DIRECT INJECTION DIESEL ENGINES: A FIAT STORY
The new Multijet system has allowed the Fiat Group to achieve an important new record in the diesel engine field. All this was possible because we have been building up know-how in this field since 1988, the date that marked the arrival of the Croma TDI, the first direct injection diesel vehicle in the world. The Croma engine was an outstanding result for the time and the first major step toward automotive diesel engines with more efficient combustion.
The engineering, subsequently copied by other manufacturers, meant that diesel cars were able to ensure better performance coupled with lower fuel consumption. One problem remained: excessive engine noise at low rpms and during speed transitions.
This was the cue for the start of the Unijet story, i.e. the quest for a more advanced direct injection system that could drastically reduce the problem of excessive combustion noise. Some years later, this research effort brought us the Unijet itself and significant benefits in terms of efficiency and fuel consumption.
We reasoned that the problem could be solved in one of two ways: we could be content with a passive system and simply insulate the engine to prevent sound waves from reaching the passenger compartment - or we could work actively to eliminate the problem at its source by developing an injection system that actually reduced combustion noise.
Fiat Group engineers chose the second option and immediately went for the Common Rail principle after considering and then rejecting other high-pressure injection systems. The other systems do not allow pressure to be managed independently of rpm and engine load and neither do they include a pre-injection, which are essential attributes of the Unijet system.
The theory that lay behind our research was originally developed by researchers at Zurich University but had never previously been applied to a vehicle. This simple yet elegant theory is based on the assumption that if you continue to push diesel into a tank, the pressure inside will rise and the tank itself will become a hydraulic accumulator (or rail), i.e. a reserve of pressurised fuel ready for use.
Three years later, in 1990, the Unijet system developed by Magneti Marelli, Fiat Research Centre and Elasis on the Common Rail principle entered the pre-production stage. This stage was completed in 1994, when Fiat Auto started to look for a partner with leading-edge knowledge of diesel engine injection systems. The final stage of the project, i.e. completion of development and industrial production, was eventually entrusted to Robert Bosch.
In October 1997, eleven years after the Croma TDI, the market welcomed another record-breaking car: the Alfa 156 JTD. The new model was equipped with a revolutionary turbodiesel engine that was to deliver previously unimaginable results.

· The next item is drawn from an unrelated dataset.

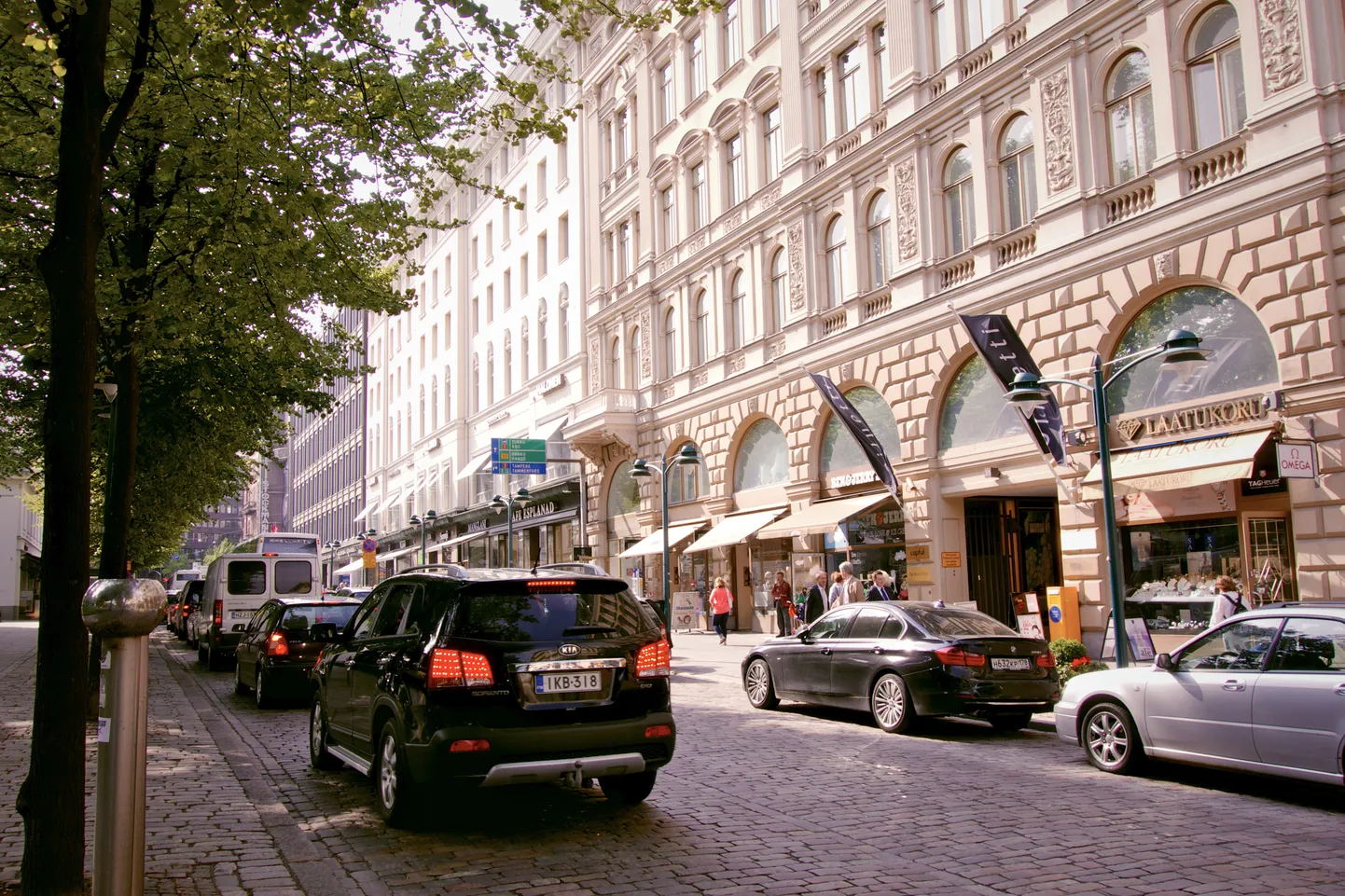 Autod Helsingi kesklinnas.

Vehicles equipped with this engine are incredibly noiseless and have all the alacrity of a petrol power unit. They improve on the performance of a similar prechamber engine by an average of 12 percent and reduce fuel consumption by 15 percent.
The Alfa 156 equipped with a JTD engine won immediate success and similar power units soon appeared on other Fiat Auto models and were adopted by many other motor manufacturers.
Now the turn has come for a second generation of JTD engines, in other words the multiple injection, 16 valve engines that made their debut last autumn in Paris in the shape of the 1.9 JTD engine fitted to the Alfa 156 and Alfa 147.
And that family has now been extended by the pocket-sized 1.3 Multijet 16v.